The decision to close a restaurant is never easy, especially if that restaurant is beloved or an institution in the city. Atlanta saw plenty of closures in 2019, some more shocking than others. However, the closure of these six restaurants simply stunned or saddened Eater Atlanta readers this year.
2019 kicked off with the news that brewpub 5 Seasons had closed its flagship location in Sandy Springs after 19 years at the Prado. The closure left readers and faithful regulars to the brewpub wondering about the fate of the remaining location on Marietta Street. Sadly, readers learned its fate one month later. In February, owners chef David Larkworthy and brewer Crawford Moran said they were “unable to renew” the lease and would close 5 Seasons-Westside after a decade at the Brickworks.
The space remains unoccupied. A second location of Malaysian restaurant Food Terminal has since opened next door. Neighboring beer shop Hop City plans to close at the Brickworks by the end of the year.

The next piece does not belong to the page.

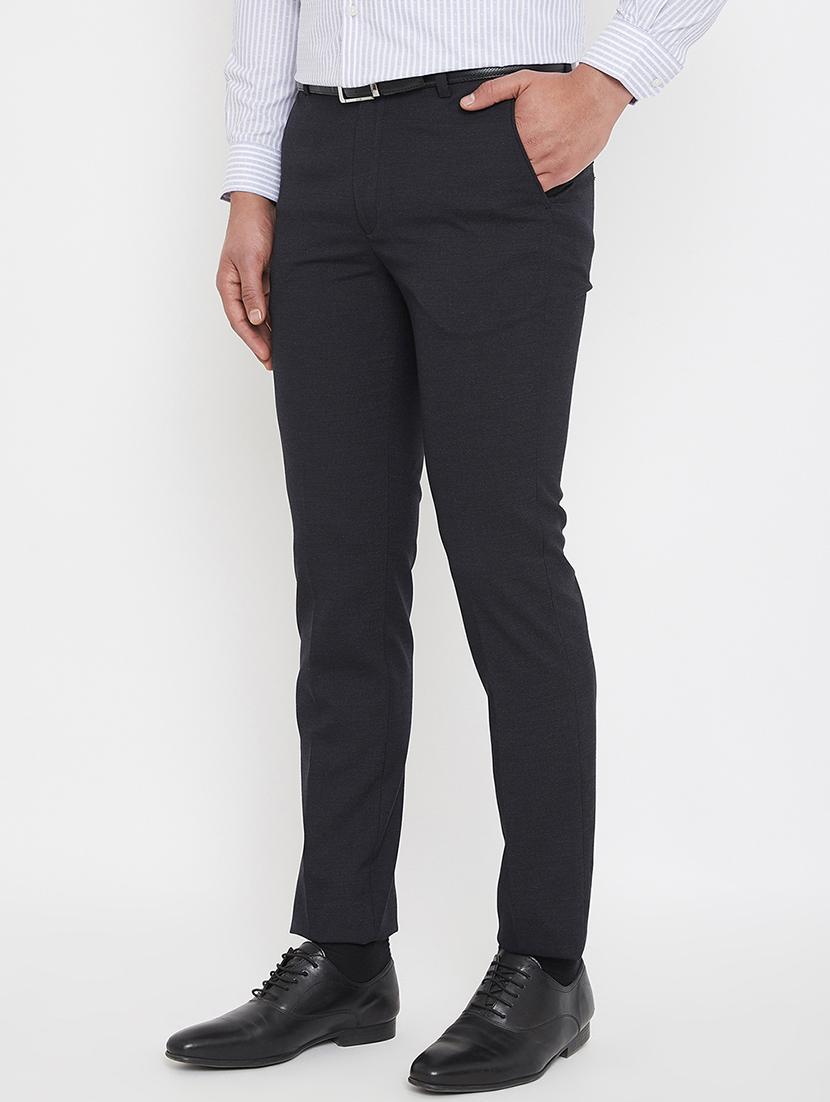 black solid flat front formal trouser - 17578558 - Zoom Image - 2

Five years after opening in downtown Decatur, owner Jenny Levison announced she would close the soup and sandwich shop by the end of February. Levison alluded to the restaurant’s eventual closure last June, while announcing the opening of a Souper Jenny in Roswell. She claimed high rents and parking problems to be big factors in her decision to shutter the shop.
Decatur breakfast staple Thumbs Up Diner closed after a decade in October 2018 and also blamed rising rents in the city east of Atlanta. The restaurant’s owners even urged residents to speak out against recent rent hikes in Decatur. DaVinci’s Pizza broke its lease earlier in 2018 due to the high rent at its Decatur location.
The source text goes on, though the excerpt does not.